Corporate Finance, Module 15, “Payout Policy”
Readings for the Fourteenth Edition (2022) of the Brealey, Myers, Allen, and Edmans text
(The attached PDF file has better formatting.)
The sections in this posting are for the fourteenth edition of the Brealey, Myers, Allen, and Edmans text. You may also use the seventh through thirteenth editions; final exam problems can be answered from any edition. {The Brealey, Myers, Allen, and Edmans textbook is excellent. We say to read certain sections and to skip others. This does not mean that certain sections are better; it means that the homework assignments and exam problems are based on the sections that you must read for this course. Some of the skipped sections are fascinating, but they are not tested.}
The terms dividend policy and payout policy are both used in corporate finance. Both terms are used in the online postings, practice problems, and final exam questions. The tenth through fourteenth editions of the textbook use the term payout policy; earlier editions used the term dividend policy.
Read section 15.1, “Facts about Payout.” Focus on the sections “How firms pay dividends” on page 436 and “How firms repurchase stocks” on page 437. Even if you know how stocks are traded, the section on stock repurchase plans contains new information. Know the sequence in Figure 15.2 on page 436 and the terms for each date. The stock price declines by the dividend amount on the ex-dividend date, not the payment date.
Read the subsection “The Information Content of Dividends” on pages 437-439 and the subsection “The Information Content of Share Repurchases” on page 439. Many common dividend practices are hard to explain, and financial analysts presume that dividends send information to investors, not just money. There are more efficient ways of getting money to investors, but dividends may be a good source of information. No hard data exists, so these ideas are speculative.

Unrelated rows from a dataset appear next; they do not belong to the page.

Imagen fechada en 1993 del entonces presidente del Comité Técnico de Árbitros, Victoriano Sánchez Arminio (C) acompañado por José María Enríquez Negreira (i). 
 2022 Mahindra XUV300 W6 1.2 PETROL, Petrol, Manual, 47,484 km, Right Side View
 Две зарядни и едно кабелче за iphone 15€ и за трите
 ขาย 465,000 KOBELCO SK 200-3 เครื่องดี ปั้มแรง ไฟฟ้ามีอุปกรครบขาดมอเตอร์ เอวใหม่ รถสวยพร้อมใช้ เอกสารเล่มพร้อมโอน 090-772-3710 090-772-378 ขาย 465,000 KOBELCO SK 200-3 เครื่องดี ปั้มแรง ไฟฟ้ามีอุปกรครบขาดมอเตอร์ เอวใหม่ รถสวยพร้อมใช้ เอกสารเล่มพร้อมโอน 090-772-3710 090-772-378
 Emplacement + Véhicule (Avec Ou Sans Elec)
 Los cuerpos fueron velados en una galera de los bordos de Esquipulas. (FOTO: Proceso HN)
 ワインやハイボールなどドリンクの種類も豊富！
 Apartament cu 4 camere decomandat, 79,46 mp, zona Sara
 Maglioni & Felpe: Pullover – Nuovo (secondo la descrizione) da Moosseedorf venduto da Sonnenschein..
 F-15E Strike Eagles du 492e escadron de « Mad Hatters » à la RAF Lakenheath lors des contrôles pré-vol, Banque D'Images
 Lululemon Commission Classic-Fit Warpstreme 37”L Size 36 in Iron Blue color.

Read section 15.2, “Dividends or Repurchases? Does the Choice Affect Shareholder Value?” Final exam problems may specify perfect capital markets (with no taxes or dividend clienteles). The textbook notes several irrelevance theorems; figure 15.5 on page 443 helps you grasp the absence of an effect from paying dividends on the firm’s value in perfect capital markets. The irrelevance theorem for capital structure is similar, so make sure you understand the concept.
No final exam problems are drawn from section 15-3 Dividend Clienteles. Years ago, some older persons relied on stock dividends for income. But cashing small checks every few weeks is inefficient; few investors now require high dividend shares.
Read section 15-4 Taxes and Payout Policy. Taxes affect values of stock and bonds as well as firms’ capital structure. They affect final exam problems on weighted average cost of capital and the return on debt capital. Dividends, bond interest, and stock capital gains are taxed at different rates, affecting the choice of dividend payments vs repurchases and bond issues vs stock issues.
Read section 15-45 “Payout Policy and the Life Cycle of the Firm” on pages 449-452.
Dividend payouts highlight some unsolved problems. This is not a math course, where everything is proved; it is not a social science class where data are sparse. We have a hundred years of data from thousands of firms, but we still can’t figure out why firms pay the dividends that they do. This makes corporate finance so fascinating – and so promising for the student who can interpret the real world.
Review end of chapter problems 1, 2, 3, 5, 14, and 15a,b.
Illustrative test questions, problems, and homework assignments are shown separately on the discussion forum.